Desde mi experiencia personal, la primera rutina consiste en determinar cuál será el objetivo que se desea. Para un atleta de alto rendimiento la primera meta puede ser: terminar el maratón en un tiempo récord, mientras que para un deportista común podría ser simplemente completar el maratón sin menoscabo alguno.

Es bien sabido que quien corre un maratón puede deshidratarse, o sufrir alguna lesión física por no cuidar todas las recomendaciones de un médico, ya sea por insolación, o por no haber realizado los entrenamientos adecuados o inclusive por no usar los tenis correctos (aunque como ya se ha visto, eso no influye demasiado, cuando existe un constante de esfuerzo como les sucede a los corredores tarahumaras.
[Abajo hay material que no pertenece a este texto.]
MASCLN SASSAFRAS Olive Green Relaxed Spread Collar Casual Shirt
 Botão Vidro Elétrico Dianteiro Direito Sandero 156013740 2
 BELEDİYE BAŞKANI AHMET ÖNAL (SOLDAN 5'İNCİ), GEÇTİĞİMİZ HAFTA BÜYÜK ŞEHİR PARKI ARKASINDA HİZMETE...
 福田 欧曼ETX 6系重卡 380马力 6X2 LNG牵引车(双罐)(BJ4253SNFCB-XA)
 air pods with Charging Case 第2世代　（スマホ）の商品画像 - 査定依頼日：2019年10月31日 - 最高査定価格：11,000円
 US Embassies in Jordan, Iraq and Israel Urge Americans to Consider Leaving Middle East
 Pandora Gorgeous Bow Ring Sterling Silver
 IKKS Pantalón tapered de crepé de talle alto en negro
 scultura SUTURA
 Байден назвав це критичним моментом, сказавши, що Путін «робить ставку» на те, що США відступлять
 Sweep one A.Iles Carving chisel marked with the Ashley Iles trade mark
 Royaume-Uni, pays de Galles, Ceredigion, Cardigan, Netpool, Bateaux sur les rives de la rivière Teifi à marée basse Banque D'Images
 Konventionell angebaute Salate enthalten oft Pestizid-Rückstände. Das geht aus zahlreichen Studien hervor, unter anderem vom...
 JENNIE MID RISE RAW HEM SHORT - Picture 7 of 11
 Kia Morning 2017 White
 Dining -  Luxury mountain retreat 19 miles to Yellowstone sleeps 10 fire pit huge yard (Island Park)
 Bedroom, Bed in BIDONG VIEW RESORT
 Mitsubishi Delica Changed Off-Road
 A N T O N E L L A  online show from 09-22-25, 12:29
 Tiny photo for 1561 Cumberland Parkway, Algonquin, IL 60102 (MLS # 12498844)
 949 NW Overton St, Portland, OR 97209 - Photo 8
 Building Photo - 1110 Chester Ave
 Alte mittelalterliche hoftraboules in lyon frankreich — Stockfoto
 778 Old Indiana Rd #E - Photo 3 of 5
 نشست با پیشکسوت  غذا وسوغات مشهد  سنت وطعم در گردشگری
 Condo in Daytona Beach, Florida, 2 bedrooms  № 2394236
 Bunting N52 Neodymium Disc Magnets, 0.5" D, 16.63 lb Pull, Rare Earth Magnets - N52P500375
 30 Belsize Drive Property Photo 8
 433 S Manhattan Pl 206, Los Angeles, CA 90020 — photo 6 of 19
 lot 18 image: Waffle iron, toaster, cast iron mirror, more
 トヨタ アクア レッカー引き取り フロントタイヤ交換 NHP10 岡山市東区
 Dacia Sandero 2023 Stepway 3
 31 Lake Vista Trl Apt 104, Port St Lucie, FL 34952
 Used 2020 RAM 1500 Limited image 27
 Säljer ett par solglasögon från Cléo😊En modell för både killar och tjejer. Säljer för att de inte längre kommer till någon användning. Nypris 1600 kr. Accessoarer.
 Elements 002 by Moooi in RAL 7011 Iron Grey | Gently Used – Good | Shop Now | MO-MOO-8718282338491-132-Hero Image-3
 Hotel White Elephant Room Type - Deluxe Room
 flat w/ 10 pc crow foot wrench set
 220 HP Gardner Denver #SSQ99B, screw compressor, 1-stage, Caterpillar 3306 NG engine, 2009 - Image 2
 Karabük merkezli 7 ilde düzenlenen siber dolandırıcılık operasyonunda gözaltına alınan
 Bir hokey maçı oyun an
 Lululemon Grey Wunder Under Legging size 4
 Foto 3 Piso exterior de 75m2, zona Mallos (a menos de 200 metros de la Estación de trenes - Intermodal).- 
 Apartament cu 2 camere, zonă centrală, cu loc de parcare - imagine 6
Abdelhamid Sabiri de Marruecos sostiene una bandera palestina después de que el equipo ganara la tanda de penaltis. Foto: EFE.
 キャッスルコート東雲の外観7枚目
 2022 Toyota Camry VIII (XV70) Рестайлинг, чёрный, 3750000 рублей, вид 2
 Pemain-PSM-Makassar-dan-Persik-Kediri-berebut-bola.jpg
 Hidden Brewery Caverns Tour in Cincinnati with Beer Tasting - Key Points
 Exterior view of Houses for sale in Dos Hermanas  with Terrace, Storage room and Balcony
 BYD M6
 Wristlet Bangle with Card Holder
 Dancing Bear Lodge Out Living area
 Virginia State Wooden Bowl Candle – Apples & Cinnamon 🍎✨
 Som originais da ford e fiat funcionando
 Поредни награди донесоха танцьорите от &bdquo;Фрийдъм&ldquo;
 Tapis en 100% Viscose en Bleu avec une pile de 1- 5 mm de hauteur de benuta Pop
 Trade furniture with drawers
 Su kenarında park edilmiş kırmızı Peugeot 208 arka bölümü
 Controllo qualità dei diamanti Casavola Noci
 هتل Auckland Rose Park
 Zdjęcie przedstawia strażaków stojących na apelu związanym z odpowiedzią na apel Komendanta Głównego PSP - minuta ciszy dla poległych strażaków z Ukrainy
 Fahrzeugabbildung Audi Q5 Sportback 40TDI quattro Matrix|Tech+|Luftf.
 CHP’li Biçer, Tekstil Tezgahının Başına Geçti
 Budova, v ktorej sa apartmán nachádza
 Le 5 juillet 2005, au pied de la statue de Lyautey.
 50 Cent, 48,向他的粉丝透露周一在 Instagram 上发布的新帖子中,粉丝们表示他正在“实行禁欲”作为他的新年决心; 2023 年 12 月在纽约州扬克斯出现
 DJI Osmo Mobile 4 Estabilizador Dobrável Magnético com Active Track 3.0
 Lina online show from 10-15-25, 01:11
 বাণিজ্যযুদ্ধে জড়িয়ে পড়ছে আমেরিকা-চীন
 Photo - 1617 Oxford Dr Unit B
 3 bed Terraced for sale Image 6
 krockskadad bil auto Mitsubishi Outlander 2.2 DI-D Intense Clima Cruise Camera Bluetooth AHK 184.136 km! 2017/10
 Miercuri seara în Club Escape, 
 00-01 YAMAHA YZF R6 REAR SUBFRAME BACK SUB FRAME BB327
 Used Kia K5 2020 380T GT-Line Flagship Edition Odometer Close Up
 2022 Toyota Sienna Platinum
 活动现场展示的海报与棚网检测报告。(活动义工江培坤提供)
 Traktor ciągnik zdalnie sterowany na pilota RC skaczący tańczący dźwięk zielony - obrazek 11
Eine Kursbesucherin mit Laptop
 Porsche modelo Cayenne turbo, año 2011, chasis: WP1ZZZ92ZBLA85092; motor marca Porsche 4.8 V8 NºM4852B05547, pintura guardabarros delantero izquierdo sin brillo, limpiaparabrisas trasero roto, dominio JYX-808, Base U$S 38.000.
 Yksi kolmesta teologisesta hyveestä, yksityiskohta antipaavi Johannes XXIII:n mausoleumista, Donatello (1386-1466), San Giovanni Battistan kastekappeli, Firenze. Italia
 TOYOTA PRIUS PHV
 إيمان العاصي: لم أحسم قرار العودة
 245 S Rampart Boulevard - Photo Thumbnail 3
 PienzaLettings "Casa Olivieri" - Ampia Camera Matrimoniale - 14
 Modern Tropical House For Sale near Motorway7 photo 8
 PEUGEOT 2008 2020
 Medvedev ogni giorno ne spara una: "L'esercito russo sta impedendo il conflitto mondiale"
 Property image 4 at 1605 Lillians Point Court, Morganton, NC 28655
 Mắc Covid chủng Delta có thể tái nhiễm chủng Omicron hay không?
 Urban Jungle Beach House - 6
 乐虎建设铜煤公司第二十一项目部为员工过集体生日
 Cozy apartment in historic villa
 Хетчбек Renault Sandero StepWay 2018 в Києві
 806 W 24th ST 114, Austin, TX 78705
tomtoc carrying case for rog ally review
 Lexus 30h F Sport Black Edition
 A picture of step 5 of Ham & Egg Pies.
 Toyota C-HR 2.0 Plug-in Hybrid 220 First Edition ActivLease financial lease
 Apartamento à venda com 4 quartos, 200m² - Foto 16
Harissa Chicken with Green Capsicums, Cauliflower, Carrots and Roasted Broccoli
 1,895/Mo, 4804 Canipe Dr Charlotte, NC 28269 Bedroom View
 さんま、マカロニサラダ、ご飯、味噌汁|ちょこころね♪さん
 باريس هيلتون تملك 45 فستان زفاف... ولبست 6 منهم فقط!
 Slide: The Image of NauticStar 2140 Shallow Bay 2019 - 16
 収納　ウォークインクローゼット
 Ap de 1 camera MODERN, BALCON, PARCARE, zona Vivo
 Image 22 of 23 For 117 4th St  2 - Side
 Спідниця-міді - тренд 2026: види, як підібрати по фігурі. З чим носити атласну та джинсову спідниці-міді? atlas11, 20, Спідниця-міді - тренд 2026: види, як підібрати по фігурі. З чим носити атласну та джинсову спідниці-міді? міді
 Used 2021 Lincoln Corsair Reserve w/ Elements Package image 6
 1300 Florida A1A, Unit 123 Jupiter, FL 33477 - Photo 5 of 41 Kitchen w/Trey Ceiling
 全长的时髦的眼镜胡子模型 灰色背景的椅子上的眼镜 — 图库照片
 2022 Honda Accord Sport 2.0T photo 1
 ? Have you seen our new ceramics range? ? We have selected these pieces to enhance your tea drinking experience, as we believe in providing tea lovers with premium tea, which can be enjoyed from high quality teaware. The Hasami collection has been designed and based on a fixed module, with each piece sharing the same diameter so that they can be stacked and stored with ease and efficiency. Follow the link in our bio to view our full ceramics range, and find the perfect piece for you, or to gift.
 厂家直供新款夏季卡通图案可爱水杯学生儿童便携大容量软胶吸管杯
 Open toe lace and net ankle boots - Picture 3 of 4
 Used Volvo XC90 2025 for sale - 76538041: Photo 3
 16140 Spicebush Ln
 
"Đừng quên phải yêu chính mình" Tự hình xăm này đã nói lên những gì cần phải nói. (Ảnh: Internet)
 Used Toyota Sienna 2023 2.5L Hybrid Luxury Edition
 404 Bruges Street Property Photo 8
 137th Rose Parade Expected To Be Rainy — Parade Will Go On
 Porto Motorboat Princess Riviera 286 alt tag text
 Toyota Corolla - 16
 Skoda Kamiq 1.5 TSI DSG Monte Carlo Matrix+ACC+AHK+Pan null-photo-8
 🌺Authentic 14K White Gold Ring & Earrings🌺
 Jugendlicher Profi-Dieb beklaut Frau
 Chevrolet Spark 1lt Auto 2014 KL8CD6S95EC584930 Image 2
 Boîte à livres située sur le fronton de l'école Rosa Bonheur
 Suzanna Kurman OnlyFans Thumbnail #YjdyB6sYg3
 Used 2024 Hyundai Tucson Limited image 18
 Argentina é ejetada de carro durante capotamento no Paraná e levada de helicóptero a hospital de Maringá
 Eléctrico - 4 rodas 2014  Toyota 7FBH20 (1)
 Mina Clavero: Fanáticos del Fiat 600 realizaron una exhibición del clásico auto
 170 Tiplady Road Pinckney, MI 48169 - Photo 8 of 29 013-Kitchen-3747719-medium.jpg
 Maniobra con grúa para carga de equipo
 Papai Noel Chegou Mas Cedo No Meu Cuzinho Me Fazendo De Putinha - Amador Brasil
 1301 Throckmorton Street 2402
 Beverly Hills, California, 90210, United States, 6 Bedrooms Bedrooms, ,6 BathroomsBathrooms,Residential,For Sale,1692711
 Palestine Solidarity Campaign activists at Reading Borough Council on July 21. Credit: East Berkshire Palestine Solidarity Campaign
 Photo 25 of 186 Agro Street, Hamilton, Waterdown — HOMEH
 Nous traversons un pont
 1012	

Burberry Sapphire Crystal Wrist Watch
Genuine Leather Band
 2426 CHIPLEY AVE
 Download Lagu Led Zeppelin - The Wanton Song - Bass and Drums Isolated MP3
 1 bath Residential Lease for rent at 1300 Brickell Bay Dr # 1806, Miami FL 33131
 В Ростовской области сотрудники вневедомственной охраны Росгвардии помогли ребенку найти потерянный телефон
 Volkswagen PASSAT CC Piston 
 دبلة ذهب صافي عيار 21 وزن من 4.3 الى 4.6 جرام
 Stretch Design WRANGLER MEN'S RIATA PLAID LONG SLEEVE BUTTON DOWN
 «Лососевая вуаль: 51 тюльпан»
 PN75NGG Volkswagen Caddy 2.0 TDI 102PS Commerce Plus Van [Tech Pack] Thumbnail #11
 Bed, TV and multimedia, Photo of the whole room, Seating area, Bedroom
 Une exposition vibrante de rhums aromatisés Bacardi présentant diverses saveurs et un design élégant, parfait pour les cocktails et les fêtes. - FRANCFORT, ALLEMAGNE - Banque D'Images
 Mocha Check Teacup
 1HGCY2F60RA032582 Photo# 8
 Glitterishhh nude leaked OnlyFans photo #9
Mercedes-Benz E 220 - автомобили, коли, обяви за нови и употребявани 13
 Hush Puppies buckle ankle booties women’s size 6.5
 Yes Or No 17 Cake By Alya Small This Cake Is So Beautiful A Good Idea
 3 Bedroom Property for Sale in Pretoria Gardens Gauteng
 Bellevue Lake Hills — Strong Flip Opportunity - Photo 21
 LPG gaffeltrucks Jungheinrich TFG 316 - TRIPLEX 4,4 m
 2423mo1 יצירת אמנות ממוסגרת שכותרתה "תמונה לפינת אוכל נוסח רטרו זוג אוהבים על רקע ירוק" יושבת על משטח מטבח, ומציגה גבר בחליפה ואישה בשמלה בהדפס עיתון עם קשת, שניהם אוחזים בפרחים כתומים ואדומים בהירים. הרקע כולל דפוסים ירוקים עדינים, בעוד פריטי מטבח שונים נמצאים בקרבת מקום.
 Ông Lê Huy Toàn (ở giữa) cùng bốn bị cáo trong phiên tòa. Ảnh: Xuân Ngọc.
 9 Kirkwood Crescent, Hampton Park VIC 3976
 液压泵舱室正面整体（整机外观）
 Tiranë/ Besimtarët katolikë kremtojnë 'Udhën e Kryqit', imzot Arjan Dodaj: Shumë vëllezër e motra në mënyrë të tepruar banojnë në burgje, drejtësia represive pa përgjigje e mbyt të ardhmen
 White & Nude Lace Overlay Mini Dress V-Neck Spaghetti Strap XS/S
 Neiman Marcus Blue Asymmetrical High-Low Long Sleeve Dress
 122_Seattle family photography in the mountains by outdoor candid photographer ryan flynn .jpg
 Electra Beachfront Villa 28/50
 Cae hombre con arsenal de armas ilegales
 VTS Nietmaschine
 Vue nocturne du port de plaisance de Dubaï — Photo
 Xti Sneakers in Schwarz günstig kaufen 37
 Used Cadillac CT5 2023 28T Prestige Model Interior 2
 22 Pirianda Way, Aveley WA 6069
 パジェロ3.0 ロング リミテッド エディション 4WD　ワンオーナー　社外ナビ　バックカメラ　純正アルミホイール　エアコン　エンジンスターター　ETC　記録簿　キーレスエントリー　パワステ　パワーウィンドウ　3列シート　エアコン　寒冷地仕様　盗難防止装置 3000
Los entrenamientos incluyen salir a correr diariamente, con una frecuencia y duración que va en aumento todos los días o cada semana. Además de que se deben de incorporar ejercicios de fuerza y flexibilidad para mejorar la resistencia y prevenir cualquier lesión; pero eso no es todo, porque hasta la alimentación debe de cambiar para evitar la deshidratación y estimular una buena nutrición; por otro lado, también se debe de encontrar el tiempo suficiente para realizar todos los entrenamientos, y como todos sabemos,  en la Ciudad de México,  el tráfico, la contaminación y multitud de factores nos obligan a salir más temprano a todos lados,  porque de lo contrario,  sería imposible llegar puntualmente a las citas convenidas; entonces,  las personas que realizan  entrenamientos para un maratón, casi siempre destinan las primeras horas del día (5-6 de la mañana) para realizar su ejercicio, lo que implica robarle horas de sueño a nuestro cuerpo.  Además, hay que hablar del transporte que se utiliza para ir y venir al lugar de entrenamiento. Solo nos falta incluir el pago y/o salario de algún entrenador particular o profesional, para lograr mejores tiempos y resultados en la gesta deportiva. Toda La Descripción Que Antecede Nos Puede Ayudar A Cuantificar El Menoscabo Que Alguien Sufre Cuando Hay Omisión De Las Autoridades Al No Garantizar Las Condiciones Adecuadas Para Recorrer Una Ruta Que Lleva A La Meta De Un Maratón.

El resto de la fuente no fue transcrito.